As the spring semester approaches my fellow hemisphere mates and I, I am putting the final touches on my ‘theory’ syllabus. I’ll share it with SM soon (the initial draft is not very appetizing), but I thought it would be interesting here to blog about something I will not be teaching — the long historical essay. As I’ve mentioned in past posts, anthropologists have come, for some reason, to ‘do theory’ in the form of the disciplinary history. This includes monograph-length studies, of course, but one particular genre that seems particularly anthropological is the long essay in which anthropologists describe ‘their theory’ or a more general ‘world view’ by constructing a genealogy whose telos they are. So in honor of Christmas — which involves its own teleological understanding of my own tradition — I thought I’d try to make a list here of classic ‘long essays’ in anthropological theory. Let me know if you can think of any more:
Blurred Genres, Clifford Geertz
Theory in Anthropology Since The 60s, Sherry Ortner
“As People Express Their Lives, So They Are…” in the Symbolic Anthropology Reader
Culture and Cultural Analysis as Experimental Systems, Michael Fischer
Anthropos, Edmund Leach
The Use of Anthropology: Critical, Personal, Politics, Dell Hymes
The genre is pretty fuzzy, but I hope this gives readers of these works some sense of what I’m talking about.

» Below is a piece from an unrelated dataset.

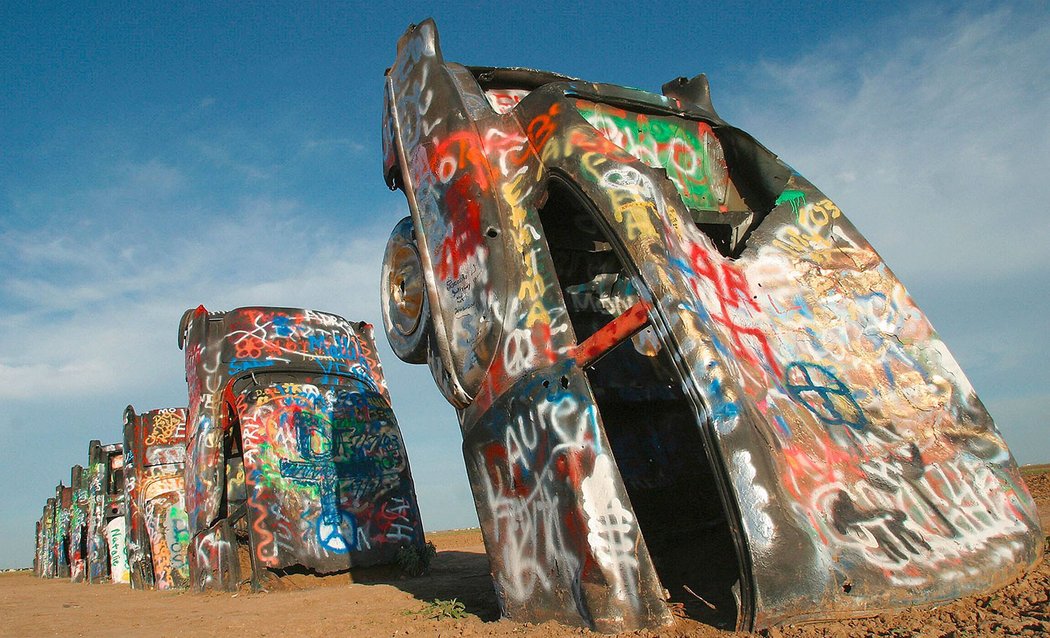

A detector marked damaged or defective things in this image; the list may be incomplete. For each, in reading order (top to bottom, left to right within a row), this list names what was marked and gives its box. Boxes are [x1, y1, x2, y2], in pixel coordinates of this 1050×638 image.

I’m not actually assigning any of these essays to my students (they can read them on their own if they want). They are very tricky. Often presentist and self-serving they require very sensitive antenna to read through to get some actual sense of the literature they cover. At the same time working through the motivations of their orchestration of the literature is in itself a good way to get some sense of the scene when the author was writing. But at any rate I think given the limitations of class time it is better to get students to actually read the material rather than read about it. What do you think?